David De Gea, surdoué… et myope

Le successeur annoncé d’Iker Casillas au sein de la Roja, passé de l’Atletico Madrid à Manchester United l’été dernier, a connu une ascension supersonique malgré des problèmes de vue. Tentons d’y voir plus clair…

Il y a encore deux ans, son nom était totalement inconnu du grand public. Seuls les gens s’intéressant aux sélections de jeunes espagnoles – qu’il a fréquentées depuis les moins de 16 ans – ou les aficionados de la cantera (centre de formation) de l’Atletico Madrid connaissaient David de Gea, recruté par Manchester United l’été dernier. Il y a deux ans, il constituait le troisième choix dans la hiérarchie des portiers du club. C’était clair, net et précis. Number one : le grand espoir Sergio Asenjo, recruté pour 5 millions d’euros au Real Valladolid. Suivi par Roberto, dans le rôle de la doublure, et donc De Gea en trois. Le gardien titulaire de l’équipe… B des Colchoneros. Soit la réserve de la réserve. Pour bouleverser cet ordre bien établi, il fallait bien quelques concours de circonstance.

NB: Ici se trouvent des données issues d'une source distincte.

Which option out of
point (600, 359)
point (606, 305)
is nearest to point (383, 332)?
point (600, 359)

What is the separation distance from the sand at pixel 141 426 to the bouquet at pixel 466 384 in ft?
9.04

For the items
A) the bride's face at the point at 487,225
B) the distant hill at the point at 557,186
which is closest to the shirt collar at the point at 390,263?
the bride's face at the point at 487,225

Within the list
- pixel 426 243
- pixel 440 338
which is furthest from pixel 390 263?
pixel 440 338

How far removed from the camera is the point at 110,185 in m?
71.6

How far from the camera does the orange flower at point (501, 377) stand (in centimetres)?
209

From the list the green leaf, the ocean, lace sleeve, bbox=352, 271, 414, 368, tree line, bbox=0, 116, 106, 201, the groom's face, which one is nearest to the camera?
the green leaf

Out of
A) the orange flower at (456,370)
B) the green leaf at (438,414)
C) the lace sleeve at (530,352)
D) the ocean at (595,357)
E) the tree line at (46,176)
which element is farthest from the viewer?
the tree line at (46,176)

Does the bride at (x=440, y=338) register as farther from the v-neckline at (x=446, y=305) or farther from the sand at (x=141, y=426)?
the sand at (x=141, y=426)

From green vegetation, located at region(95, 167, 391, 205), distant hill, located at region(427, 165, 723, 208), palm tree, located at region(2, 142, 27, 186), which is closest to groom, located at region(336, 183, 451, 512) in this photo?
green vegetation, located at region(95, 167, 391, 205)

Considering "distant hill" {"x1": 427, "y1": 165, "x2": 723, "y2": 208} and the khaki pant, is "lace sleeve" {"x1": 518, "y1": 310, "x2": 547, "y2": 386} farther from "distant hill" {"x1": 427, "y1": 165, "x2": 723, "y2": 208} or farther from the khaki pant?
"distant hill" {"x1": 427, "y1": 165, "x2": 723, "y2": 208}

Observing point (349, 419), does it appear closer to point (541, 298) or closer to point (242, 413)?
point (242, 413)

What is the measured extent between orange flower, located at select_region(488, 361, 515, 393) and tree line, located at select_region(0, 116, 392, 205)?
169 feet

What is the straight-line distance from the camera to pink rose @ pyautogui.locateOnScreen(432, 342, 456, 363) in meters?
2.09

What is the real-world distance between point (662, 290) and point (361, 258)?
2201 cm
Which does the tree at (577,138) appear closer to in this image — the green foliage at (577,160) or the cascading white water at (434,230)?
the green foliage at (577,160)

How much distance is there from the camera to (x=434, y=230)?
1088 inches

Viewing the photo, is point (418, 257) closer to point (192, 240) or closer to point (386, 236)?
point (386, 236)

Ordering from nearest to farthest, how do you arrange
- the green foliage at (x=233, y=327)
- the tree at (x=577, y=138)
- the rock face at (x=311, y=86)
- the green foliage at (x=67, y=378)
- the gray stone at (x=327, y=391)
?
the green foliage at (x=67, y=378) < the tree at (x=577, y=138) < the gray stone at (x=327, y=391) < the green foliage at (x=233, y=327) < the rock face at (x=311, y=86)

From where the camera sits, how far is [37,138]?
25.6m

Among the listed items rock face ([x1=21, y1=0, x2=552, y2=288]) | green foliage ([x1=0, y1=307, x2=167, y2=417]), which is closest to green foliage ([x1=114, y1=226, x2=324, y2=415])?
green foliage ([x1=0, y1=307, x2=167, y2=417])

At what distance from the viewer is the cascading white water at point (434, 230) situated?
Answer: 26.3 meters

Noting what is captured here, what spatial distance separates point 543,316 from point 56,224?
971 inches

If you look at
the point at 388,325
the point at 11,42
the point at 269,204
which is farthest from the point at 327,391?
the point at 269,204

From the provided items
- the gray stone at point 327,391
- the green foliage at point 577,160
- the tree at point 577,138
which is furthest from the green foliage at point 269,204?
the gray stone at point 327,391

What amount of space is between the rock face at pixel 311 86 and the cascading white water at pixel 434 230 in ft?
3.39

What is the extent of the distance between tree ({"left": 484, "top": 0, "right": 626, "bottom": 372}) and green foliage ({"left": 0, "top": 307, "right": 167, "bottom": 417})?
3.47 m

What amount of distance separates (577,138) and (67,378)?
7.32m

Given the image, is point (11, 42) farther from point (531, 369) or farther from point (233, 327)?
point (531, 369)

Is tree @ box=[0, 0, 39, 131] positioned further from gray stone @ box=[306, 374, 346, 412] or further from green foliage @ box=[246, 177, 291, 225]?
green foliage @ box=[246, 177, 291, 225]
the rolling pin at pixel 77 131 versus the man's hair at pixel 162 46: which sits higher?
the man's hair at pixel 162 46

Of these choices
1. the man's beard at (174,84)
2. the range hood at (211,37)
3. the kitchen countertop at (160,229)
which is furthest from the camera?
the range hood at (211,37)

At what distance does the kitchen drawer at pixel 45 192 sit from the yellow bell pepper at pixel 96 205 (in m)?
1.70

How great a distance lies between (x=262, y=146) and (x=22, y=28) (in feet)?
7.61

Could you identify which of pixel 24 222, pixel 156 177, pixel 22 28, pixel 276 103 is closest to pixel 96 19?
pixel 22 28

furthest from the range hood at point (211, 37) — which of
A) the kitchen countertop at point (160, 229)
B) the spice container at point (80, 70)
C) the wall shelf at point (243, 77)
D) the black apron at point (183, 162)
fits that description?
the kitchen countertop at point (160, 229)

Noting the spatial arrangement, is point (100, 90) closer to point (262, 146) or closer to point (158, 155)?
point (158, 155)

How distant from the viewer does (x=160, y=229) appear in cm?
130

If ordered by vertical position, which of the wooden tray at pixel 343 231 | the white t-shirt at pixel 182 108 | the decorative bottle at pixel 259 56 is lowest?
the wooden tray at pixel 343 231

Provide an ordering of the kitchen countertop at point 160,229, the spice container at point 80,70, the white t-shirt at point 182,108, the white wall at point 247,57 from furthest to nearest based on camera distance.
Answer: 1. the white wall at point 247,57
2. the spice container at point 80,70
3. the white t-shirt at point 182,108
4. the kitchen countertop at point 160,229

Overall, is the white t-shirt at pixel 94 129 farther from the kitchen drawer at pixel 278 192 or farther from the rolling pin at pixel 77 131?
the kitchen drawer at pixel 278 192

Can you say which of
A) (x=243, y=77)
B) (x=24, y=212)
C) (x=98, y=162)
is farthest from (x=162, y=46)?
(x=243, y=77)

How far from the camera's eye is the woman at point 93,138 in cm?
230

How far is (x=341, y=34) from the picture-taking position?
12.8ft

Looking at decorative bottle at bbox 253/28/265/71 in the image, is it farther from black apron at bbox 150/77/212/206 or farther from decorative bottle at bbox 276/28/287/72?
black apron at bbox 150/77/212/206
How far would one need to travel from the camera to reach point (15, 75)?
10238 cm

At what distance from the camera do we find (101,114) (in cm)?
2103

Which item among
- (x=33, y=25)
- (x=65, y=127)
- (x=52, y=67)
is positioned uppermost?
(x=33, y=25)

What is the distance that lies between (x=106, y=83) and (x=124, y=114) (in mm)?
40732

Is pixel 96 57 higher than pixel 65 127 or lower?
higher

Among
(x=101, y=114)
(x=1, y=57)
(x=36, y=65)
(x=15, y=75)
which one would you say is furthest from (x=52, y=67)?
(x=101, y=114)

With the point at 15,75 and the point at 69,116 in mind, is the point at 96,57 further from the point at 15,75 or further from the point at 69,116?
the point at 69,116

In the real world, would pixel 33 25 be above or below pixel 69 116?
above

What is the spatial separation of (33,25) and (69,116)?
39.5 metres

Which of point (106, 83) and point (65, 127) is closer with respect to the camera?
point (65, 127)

Le 30 septembre 2009, l’Atletico se déplace à Porto dans le cadre de la Ligue des champions. Asenjo, parti disputer le Mondial des moins de 20 ans en Egypte avec la Seleccion, Roberto enfile logiquement les gants dans l’antre du Dragao tandis que David s’assoit sur le banc. Pas pour longtemps puisque le n°2 devenu n°1 par intérim doit rapidement céder sa place sur blessure. Et voilà comment un môme – pas encore 19 ans – se retrouve tout à coup, dans la plus prestigieuse des compétitions européennes, sous les coups de feu nourris du Dragon. Même pas peur. Même pas impressionné. Si le néophyte ne peut empêcher la défaite, il dégage une incroyable sérénité, rassure par son placement et la sûreté de ses prises de balle et intervient avec à-propos sur quelques actions brûlantes. On appelle ça un baptême du feu réussi.

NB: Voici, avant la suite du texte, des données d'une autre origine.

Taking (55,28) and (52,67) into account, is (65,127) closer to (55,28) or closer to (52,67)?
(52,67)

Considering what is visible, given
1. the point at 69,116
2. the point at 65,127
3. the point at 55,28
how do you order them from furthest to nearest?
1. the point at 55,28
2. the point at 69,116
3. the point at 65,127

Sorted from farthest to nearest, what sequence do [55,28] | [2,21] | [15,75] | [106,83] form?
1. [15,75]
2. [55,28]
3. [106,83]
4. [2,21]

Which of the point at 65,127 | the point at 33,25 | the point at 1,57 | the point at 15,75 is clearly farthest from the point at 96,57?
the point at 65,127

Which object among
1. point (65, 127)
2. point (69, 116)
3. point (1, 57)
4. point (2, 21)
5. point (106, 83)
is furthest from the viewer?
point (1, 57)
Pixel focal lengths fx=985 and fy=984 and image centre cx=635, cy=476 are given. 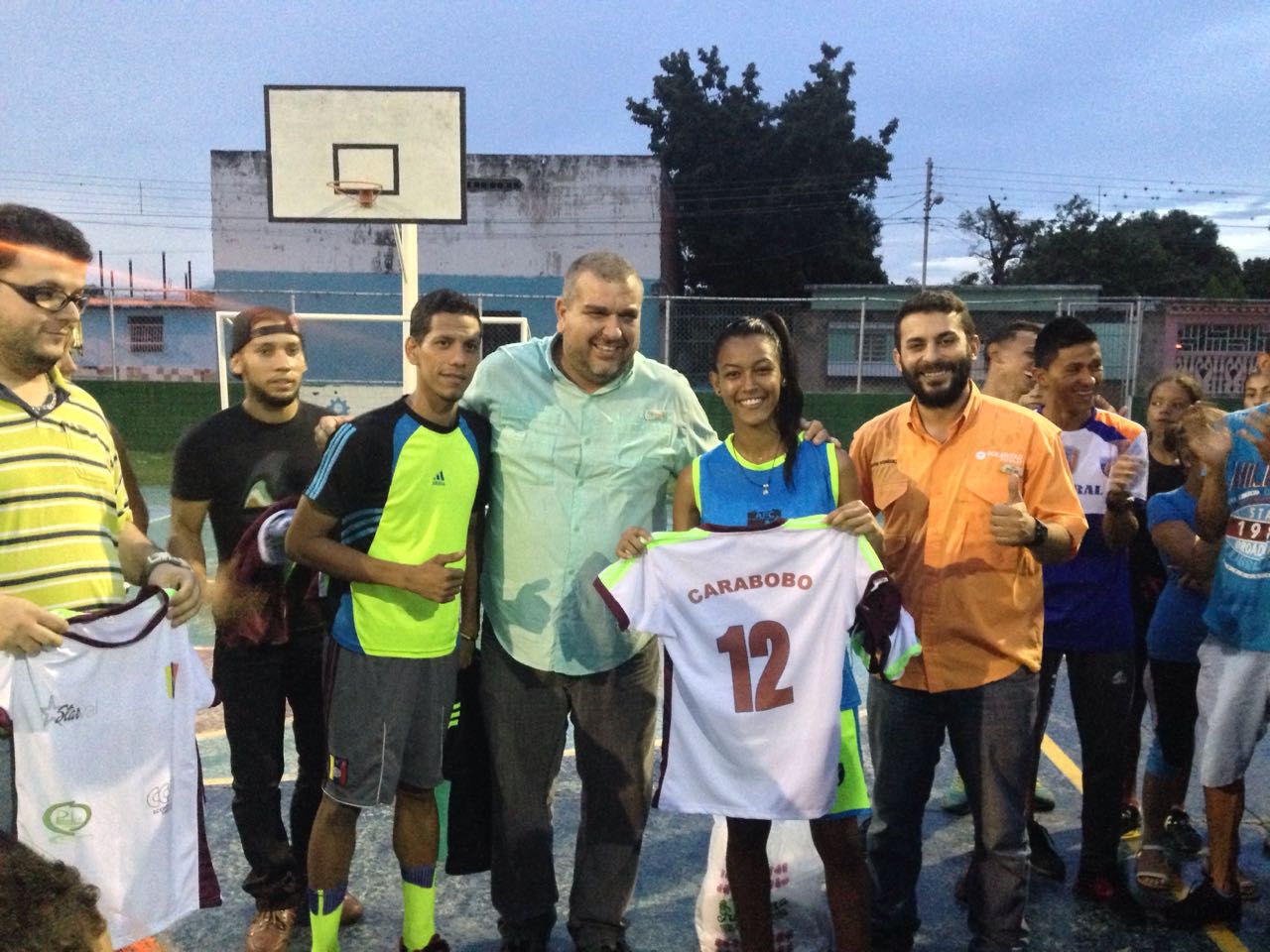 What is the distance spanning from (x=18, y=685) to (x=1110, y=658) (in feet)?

La semaine suivante, le Castillan profite d’un match de Liga à Saragosse pour marquer un peu mieux encore son territoire. Il est décisif en stoppant un penalty qui met son équipe sur orbite (victoire 2-1) et commence, mine de rien, à redessiner les contours de la hiérarchie. Roberto, prêté lors du mercato d’hiver, sera le premier à lâcher. Avant qu’Asenjo, fébrile depuis son retour de la campagne d’Egypte, ne lui abandonne, faute d’être convaincant, le leadership.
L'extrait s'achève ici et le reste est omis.